WORK REQUIRED - Verbatim copy without images: return all of the data as it stands.

DATA -
################

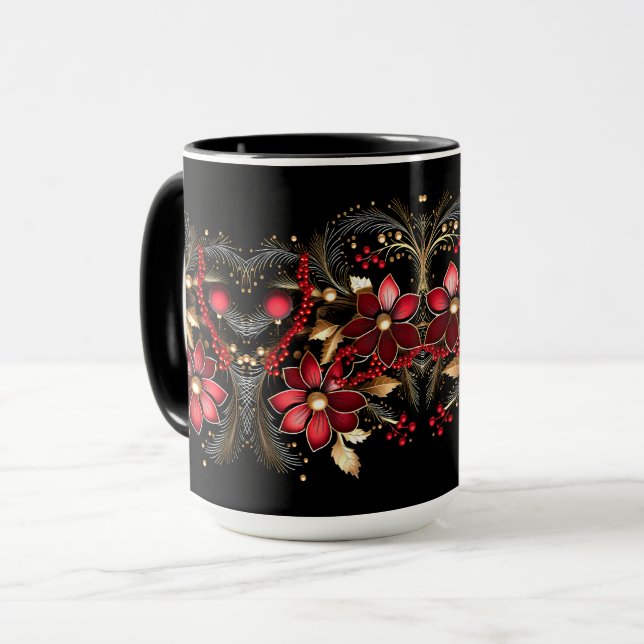 Röda Dekorativa Blommor Höjd Mugg (Framsida vänster)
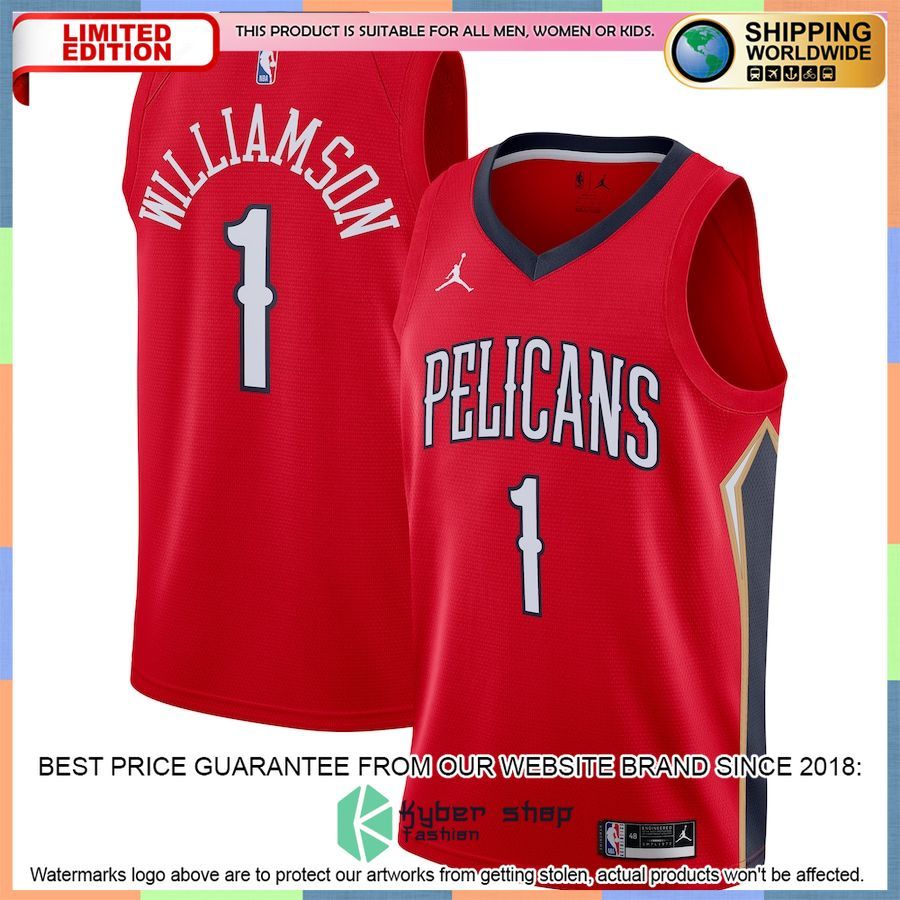 Zion Williamson New Orleans Pelicans Jordan Brand 2020-21 Red Basketball Jersey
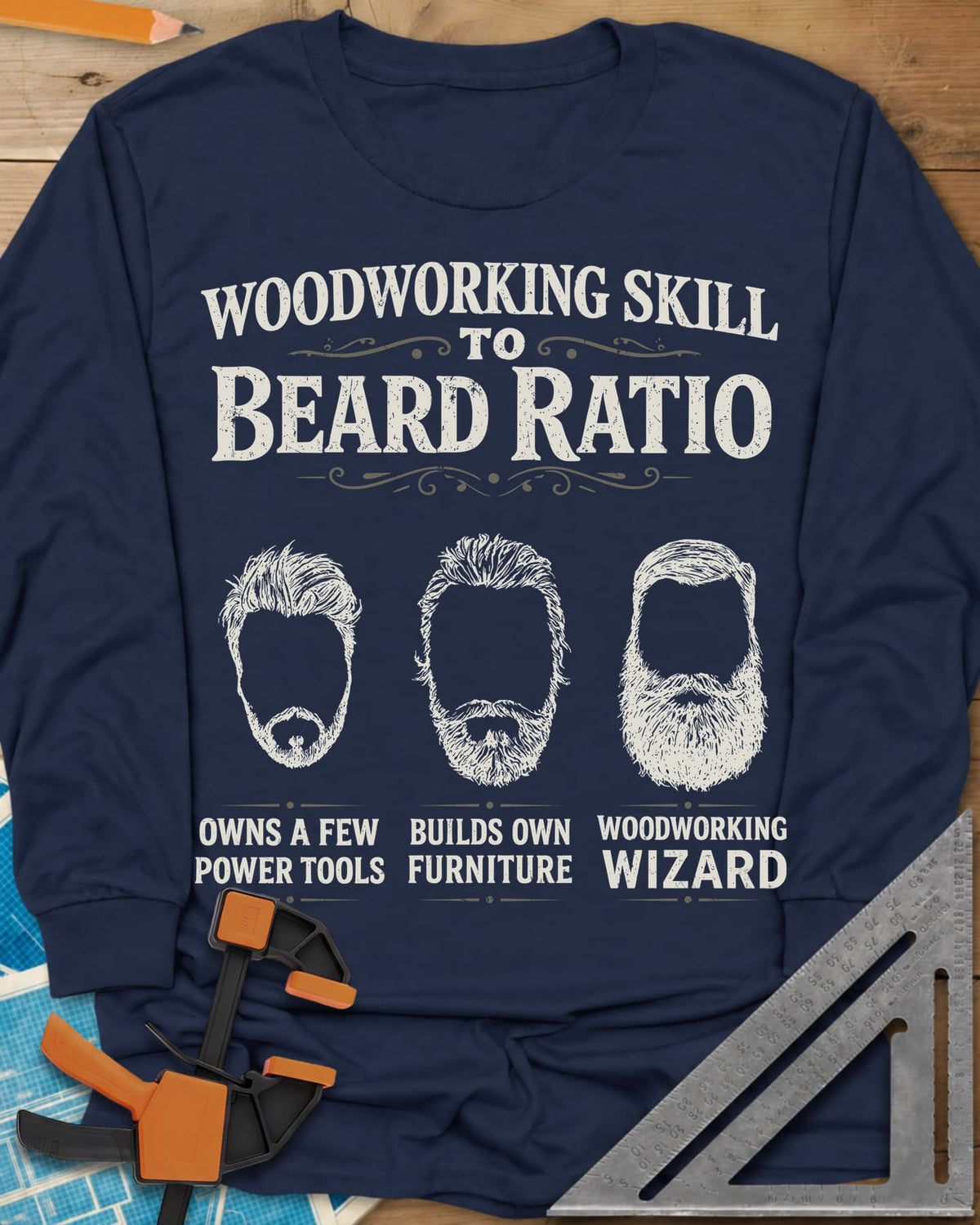 Skill To Beard Ratio long sleeve shirt in Navy, three bearded faces growing from a few power tools to wizard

################

EXERCISE RESULT -
 Röda Dekorativa Blommor Höjd Mugg (Framsida vänster)
 Zion Williamson New Orleans Pelicans Jordan Brand 2020-21 Red Basketball Jersey
 Skill To Beard Ratio long sleeve shirt in Navy, three bearded faces growing from a few power tools to wizard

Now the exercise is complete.